Ralph Hanover (1980 – October 18, 2008) was a Standardbred colt who in 1983 became the seventh horse to capture the U.S. Pacing Triple Crown. Bred by Hanover Shoe Farms, as a yearling he was purchased for $58,000 by trainer Stewart Firlotte at the 1981 Standardbred Horse Sale Company's Harrisburg, Pennsylvania auction.

==Racing career==

===Two-year-old championship season===
Ralph Hanover made his racing debut at age two on June 11, 1982. He would win seven of his fifteen starts that year including the Bluegrass Stakes in Lexington, Kentucky and two editions of the Canadian Juvenile Circuit Stakes at Greenwood Raceway in Toronto and at Blue Bonnets Raceway in Montreal. He was voted the 1982 Two-year-old Canadian Colt & Gelding Pacer of the Year.

===Triple Crown and World records===
At age three, Ralph Hanover won the 1983 Triple Crown for pacers by capturing the Messenger Stakes at Roosevelt Raceway on June 18, the Cane Pace at Yonkers Raceway on August 20, and the Little Brown Jug at the Delaware County, Ohio Fair Grounds on September 22. For trainer & co-owner Firlotte, Ralph Hanover was driven in all three races by co-owner and principal driver Ron Waples who would later be inducted into both the U.S. and Canadian Halls of Fame.

In addition to his 1983 Triple Crown wins, Ralph Hanover won seventeen additional pacing events including the very important Adios and Meadowlands Pace in the United States and the Prix d'Été in Canada at Blue Bonnets Raceway in which Ralph Hanover set a new world record for the fastest mile by a three-year-old on a five-eighths mile track with a time of 1:54 flat.

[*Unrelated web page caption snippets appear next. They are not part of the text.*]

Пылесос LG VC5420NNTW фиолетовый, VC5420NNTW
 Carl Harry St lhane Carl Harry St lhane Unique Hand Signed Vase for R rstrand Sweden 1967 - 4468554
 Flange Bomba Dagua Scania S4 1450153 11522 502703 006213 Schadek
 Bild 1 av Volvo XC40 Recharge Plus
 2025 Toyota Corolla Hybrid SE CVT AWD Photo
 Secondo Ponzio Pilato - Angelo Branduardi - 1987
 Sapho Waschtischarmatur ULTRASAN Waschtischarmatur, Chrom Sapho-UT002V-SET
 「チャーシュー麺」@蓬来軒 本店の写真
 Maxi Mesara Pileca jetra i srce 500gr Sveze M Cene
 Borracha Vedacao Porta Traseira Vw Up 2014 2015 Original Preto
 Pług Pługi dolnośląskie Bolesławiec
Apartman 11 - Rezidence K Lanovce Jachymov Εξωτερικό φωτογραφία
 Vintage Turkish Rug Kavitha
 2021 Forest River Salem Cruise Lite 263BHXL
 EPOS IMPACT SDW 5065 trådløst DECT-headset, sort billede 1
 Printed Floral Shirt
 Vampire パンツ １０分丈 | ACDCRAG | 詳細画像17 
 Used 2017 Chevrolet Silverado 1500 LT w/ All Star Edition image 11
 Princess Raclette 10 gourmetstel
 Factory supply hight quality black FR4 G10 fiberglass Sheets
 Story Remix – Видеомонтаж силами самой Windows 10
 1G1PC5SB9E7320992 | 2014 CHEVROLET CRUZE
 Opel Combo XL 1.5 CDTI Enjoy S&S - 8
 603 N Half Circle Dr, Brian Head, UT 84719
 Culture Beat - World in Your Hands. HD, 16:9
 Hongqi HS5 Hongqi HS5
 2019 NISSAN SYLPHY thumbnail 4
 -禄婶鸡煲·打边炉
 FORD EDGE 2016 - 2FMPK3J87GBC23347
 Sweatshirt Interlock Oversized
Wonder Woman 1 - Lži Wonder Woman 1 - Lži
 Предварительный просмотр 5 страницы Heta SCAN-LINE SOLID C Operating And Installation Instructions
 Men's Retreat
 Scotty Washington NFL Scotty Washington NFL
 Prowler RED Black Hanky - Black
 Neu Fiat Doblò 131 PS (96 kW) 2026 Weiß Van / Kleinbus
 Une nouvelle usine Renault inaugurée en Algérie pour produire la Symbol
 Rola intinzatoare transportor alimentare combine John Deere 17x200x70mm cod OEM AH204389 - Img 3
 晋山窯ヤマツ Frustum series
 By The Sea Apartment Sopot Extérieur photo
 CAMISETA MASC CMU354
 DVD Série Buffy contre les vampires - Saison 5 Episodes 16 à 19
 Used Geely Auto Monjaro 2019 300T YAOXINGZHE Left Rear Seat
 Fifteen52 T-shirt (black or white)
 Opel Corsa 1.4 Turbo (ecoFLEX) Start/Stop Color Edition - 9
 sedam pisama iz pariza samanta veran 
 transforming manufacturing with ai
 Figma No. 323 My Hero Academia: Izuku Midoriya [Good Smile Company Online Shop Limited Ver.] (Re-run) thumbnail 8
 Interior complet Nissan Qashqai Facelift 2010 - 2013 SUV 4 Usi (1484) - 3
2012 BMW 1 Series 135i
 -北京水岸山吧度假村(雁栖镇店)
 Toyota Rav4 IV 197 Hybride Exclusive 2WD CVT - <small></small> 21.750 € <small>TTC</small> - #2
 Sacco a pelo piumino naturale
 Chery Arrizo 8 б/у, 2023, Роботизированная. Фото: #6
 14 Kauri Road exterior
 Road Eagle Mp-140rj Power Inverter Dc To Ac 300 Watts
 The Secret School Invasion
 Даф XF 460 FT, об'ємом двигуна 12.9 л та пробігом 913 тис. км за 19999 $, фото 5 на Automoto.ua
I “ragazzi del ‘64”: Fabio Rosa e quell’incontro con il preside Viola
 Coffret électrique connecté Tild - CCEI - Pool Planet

He set a second world record time for three-year-old pacers on a half-mile track when he was clocked in 1:55 3/5. Ralph Hanover set yet another world record for earnings by a Standardbred horse in a single season with his 1983 earnings of $1,711,990. Ralph Hanover was again voted the Champion Canadian Colt & Gelding Pacer of the Year for his age group as well the 1983 Three-year-old United States Colt & Gelding Pacer of the Year Award. In 1986 he would be inducted into the Canadian Horse Racing Hall of Fame.

==At stud and retirement==
Retired to stud after his three-year-old season having been syndicated for $7 million by P. J. "Jack" Baugh, owner of the historic Almahurst Farm near Nicholasville, Kentucky. Ralph Hanover was not as successful as a sire to the degree his investors had hoped. He was eventually sent to stand at Grand Royal Farms in Vienna, Ontario where he was pensioned before the 2001 breeding season at the age of 21. When Grand Royal Farms closed he was sent to Mac Lilley Farms in Dutton, Ontario where he remained until he had to be euthanized after old age brought on a debilitating illness.